The other evening – specifically, a gentle June evening blissfully free of wind & high humidity – Tom & I sat out on our patio, gazing at the sky & enjoying what the French call l’heure bleue, “the blue hour.”  If you’ve ever wondered, this is the same thing as “the gloaming.”  Whatever the season, it is unquestionably my favorite time of day, although Midwestern winters render it much more enjoyable from the warmth of, say, a cozy restaurant with generous windows.  Nevertheless, for the consummate l’heure bleue experience, all you really need is a cloud-free sky, an obstruction-free view of it & a comfortable place to settle for 45 minutes or so.  (A glass of something lovely is not out of the question, either.)

Technically, the gloaming happens twice each day, but since I’ve never been a morning person, I prefer the one that occurs just after sunset.  Even more technically, the whole thing is the result of the geometric center of the sun being a certain distance below the horizon & the fact that blue wavelengths are shorter than red…or something like that.  Apparently, atmospheric particles & latitudes matter, too, but all I know is, summer or winter, we have fabulous gloamings around here.
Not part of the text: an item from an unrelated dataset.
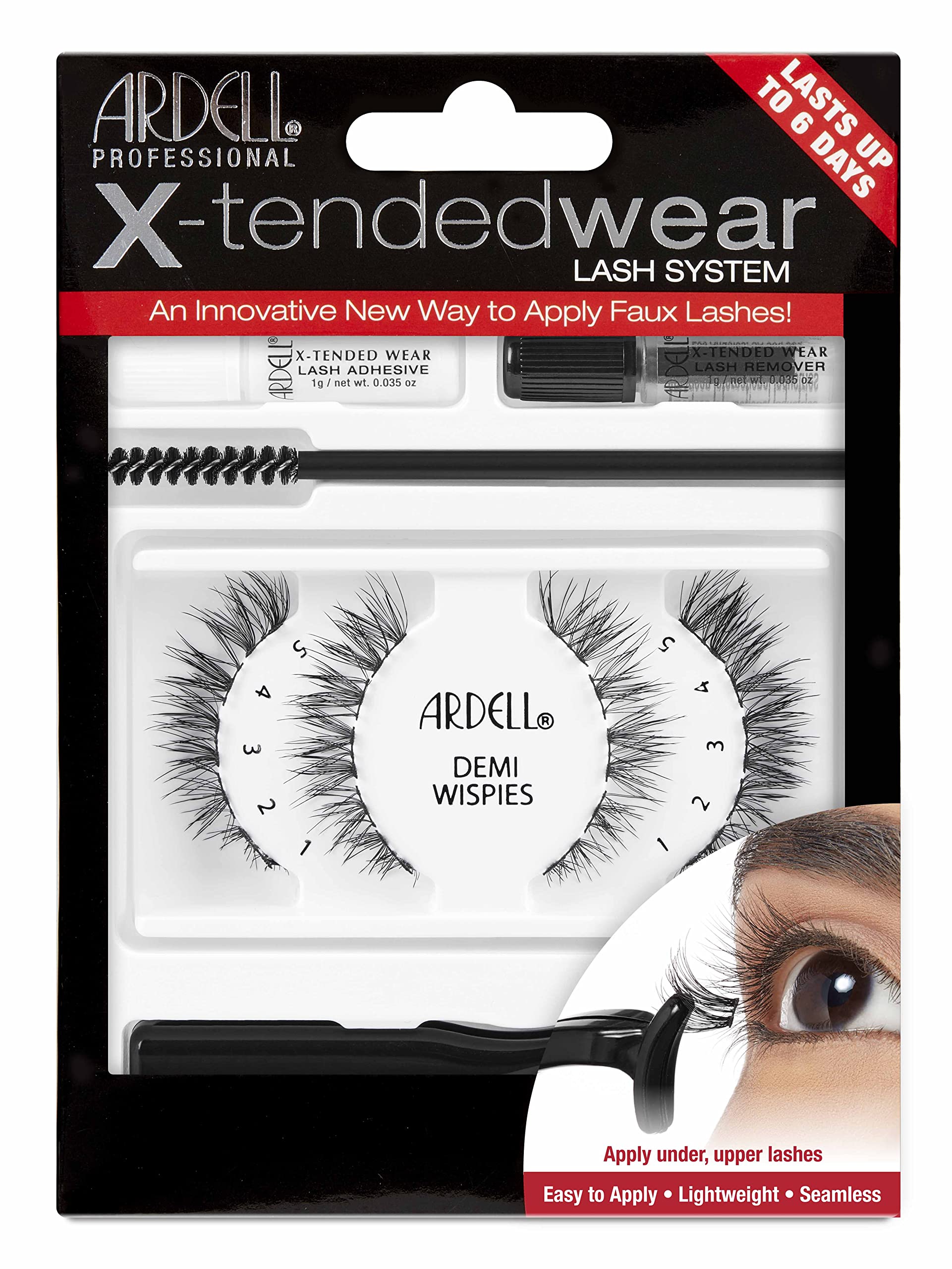 Ardell X-Tended Wear False Eyelashes, Demi Wispies Kit, 6 Day Wear, Adhesive included, Vegan Friendly, 2 Pairs (Pack of 1)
Speaking strictly non-technically, during l’heure bleue, the sky offers up a panoply of blues:  From a luminous, scrubbed, cool blue around the rim to a dense, velvety, warm blue at its dome, the range is seamless & stunning.  Couple that with the blue hour’s reputation for being mysterious & magical, poised as it is between day & night but being neither one nor the other, & you can understand why it has been referred to in countless movies, songs & books, not to mention restaurant & bar names, throughout the years.

As far as I’m concerned, everything they say about the blue hour is true for it never fails to put me in a mood.  Invariably as I watch it play out across the sky, I experience that poignant depth of feeling, that impulse to create, that tingly anticipation coupled with optimistic curiosity, that is my definition of inspiration.  The result of this is a desire to copy Nature, no matter how inadequately, as a method, I suppose, of making it my own & no amount of telling myself it’s impossible to duplicate with pigment what can only be achieved by photons stops me from trying to memorize the sequence of celestial colors or from plotting out a palette in my head.

But then I remind myself that it’s not always necessary to act on every instance of inspiration.  Sometimes it’s enough to just feel inspired…. & to know that every 24 hours, Earth will rotate on its axis until the geometric center of the sun is below the horizon.  And when it does,  inspiration will again be only a lawn chair & a glass of chardonnay away.